The metal and glass visitor’s center at Dinosaur National Monument butts up to a two-story rock outcropping¾with dinosaur bones practically pouring out of the rock. The bones aren’t actually pouring, more accurately, they are painstaking picked from their rocky tomb by technicians in white coats and latex gloves, slowly revealing the ancient inhabitants of Earth. Once again, the grandeur of it all filled me with awe. Here before me were relics, on our own planet, as old as some stars. I felt like a blip in time, boggled by the immense expanse of time and space it had taken to come to this point. From the sixty-five million year old bones, petrified and jumbled together as a result of the creatures’ quick death from a flash flood, to galaxies of stars over fifteen billion years old, to a supernova explosion seen in the day sky less than one thousand years ago.
I learned a lot about dinosaurs that day at the visitor’s center, just as I had learned a lot about the sky the night before.

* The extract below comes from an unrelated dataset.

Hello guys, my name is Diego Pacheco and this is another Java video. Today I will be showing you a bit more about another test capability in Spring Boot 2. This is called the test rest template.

Most importantly, I learned I could be a mere speck in the scheme of things and still experience the glory and wonder of an entire Universe.

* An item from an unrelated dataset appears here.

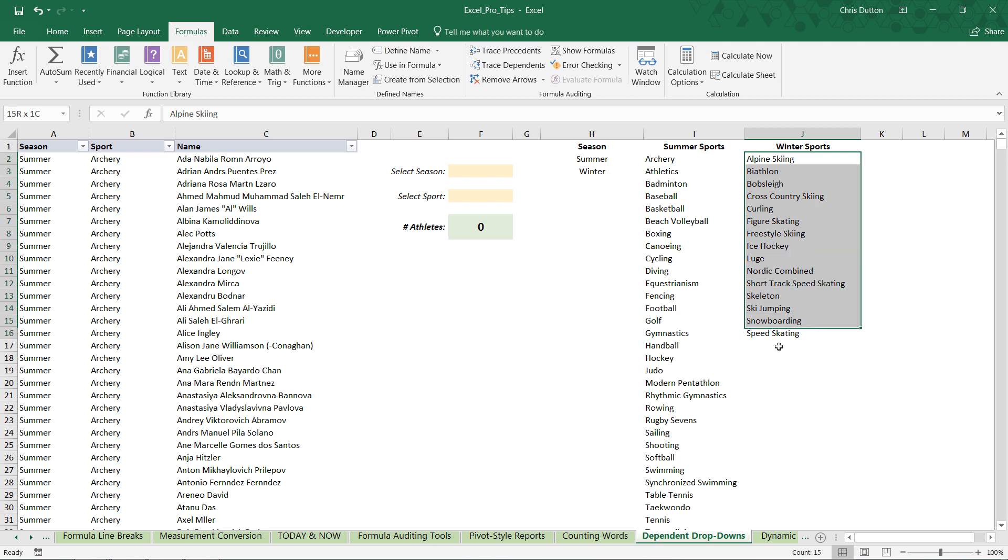Same thing with winter. Select those sports. Name this one winter. Enter. And that's step 2.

Before heading back to Denver, with my first star party under my belt and a greater appreciation of the world in which we live, I learned one final thing at the local rock shop. For a dollar I bought a piece of dinosaur bone and, according to the grizzled old merchant sitting behind a display case by the door, all fish fossils come from Wyoming¾though I doubted the truth of his claim. In that moment, amid my chuckles at his outrageous declaration, I recognized the long journey of humanity, the special nature of one.
* * *
Since that night at Dinosaur National Monument twelve years ago, I have attended many more star parties. There have been many new discoveries; new comets spanning the night sky, new planets found orbiting distant suns, expanding lists of new discoveries of exotic objects, and a new mission for humans in space.
We are going there. It’s what we do; we go places. You can go, too. Get out of your seat, turn off your porch light, go out into the night, and look up. What do you see?
I wrote this paper for a creative non-fiction writing class at the University of Arizona. During our workshops, where we critique each others' work, my fellow students' comments were generally favorable. At the end of class that day, one of my classmates said he thought I was the best writer in the class. High praise indeed! My professor, on the other hand, had much more to say and not all of it so glowing. Even still, my paper accomplished its mission. My professor confessed that, after reading my paper, he took the long trek to Kitt Peak Observatory for an evening of star gazing!